Un patogeno fastidioso per il suino: Lawsonia intracellularis – ecologia e strategie per il controllo

(dott.ssa Giulia Bini)

I problemi enterici nel suino sono molto comuni, soprattutto nel periodo attorno lo svezzamento; questi disturbi sono spesso di natura infettiva. I virus sono maggiormente implicati nelle patologie che colpiscono i soggetti più giovani mentre, col progredire dell’età, si rinvengono più frequentemente patologie causate da batteri o protozoi che causano diarrea e comportano una riduzione delle performance di crescita dell’animale.

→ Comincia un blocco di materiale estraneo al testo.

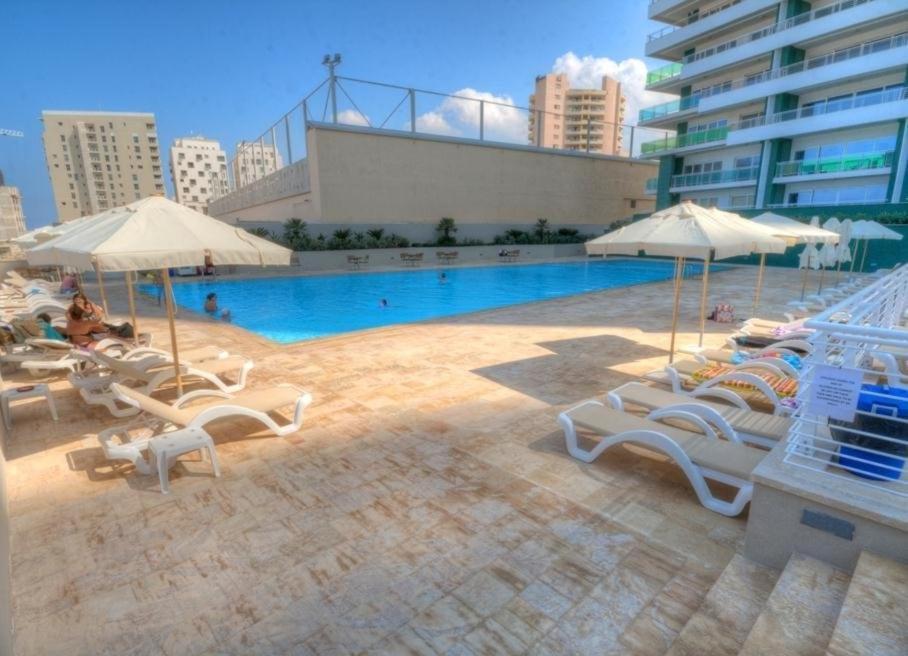 Apartment With Pool 斯利马 外观 照片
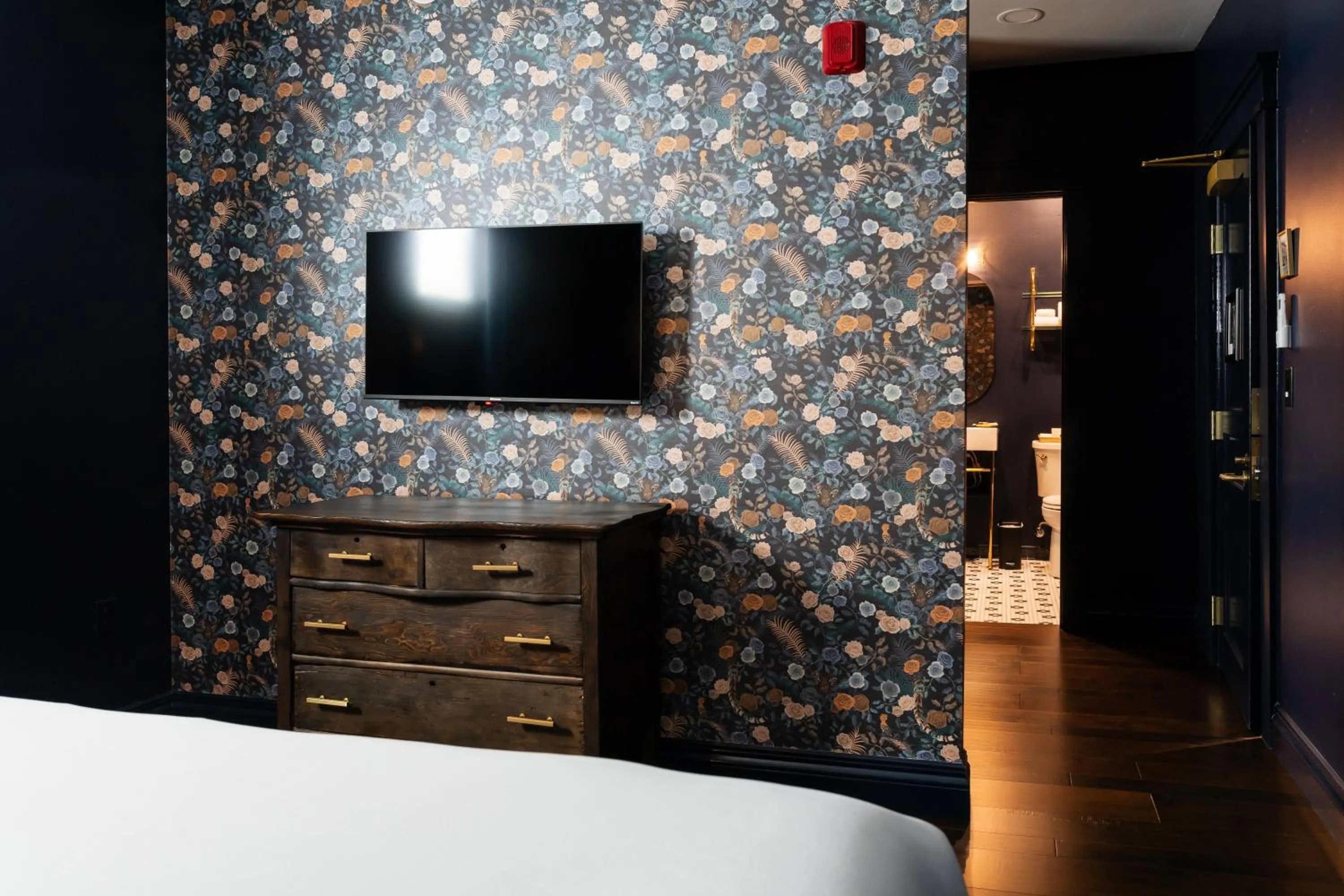 TV and multimedia, Bed in The Hotel Melrose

Fra i batteri che più impattano dal punto di vista economico sugli allevamenti suini vi è senz’altro Lawsonia intracellularis.

Il patogeno e la malattia

La malattia era già nota nel 1931, descritta come la presenza di adenomi intestinali nei suini. In quell’anno ne è stata dimostrata la natura infettiva grazie alla riproduzione sperimentale in suini alimentati col contenuto intestinale e il raschiato della mucosa di animali infetti.

Nel 1973, invece, è stato osservato per la prima volta, grazie alla microscopia elettronica, il batterio nelle cellule intestinali di suini infetti.

I suini non sono gli unici ad essere colpiti da Lawsonia; è nota dal 1965 una patologia simile che colpisce il criceto. Dall’osservazione microscopica delle cellule intestinali infette è emerso un batterio analogo a quello rinvenuto nel suino.

Anche cavalli, ratti, conigli, furetti, volpi, cani pecore, cervi e primati non umani si possono infettare, in modo naturale o sperimentale con Lawsonia.

Lawsonia intracellularis è un batterio Gram negativo, anaerobio, appartenente alla famiglia delle Desulfovibrionaceae. Come suggerisce il nome stesso è un batterio intracellulare obbligato che, una volta penetrato all’interno delle cellule target, inizia a replicare ed è in grado di propagarsi da una cellula all’altra durante la normale divisione cellulare. È stato infatti notato che la divisione della cellula madre genera cellule figlie infette.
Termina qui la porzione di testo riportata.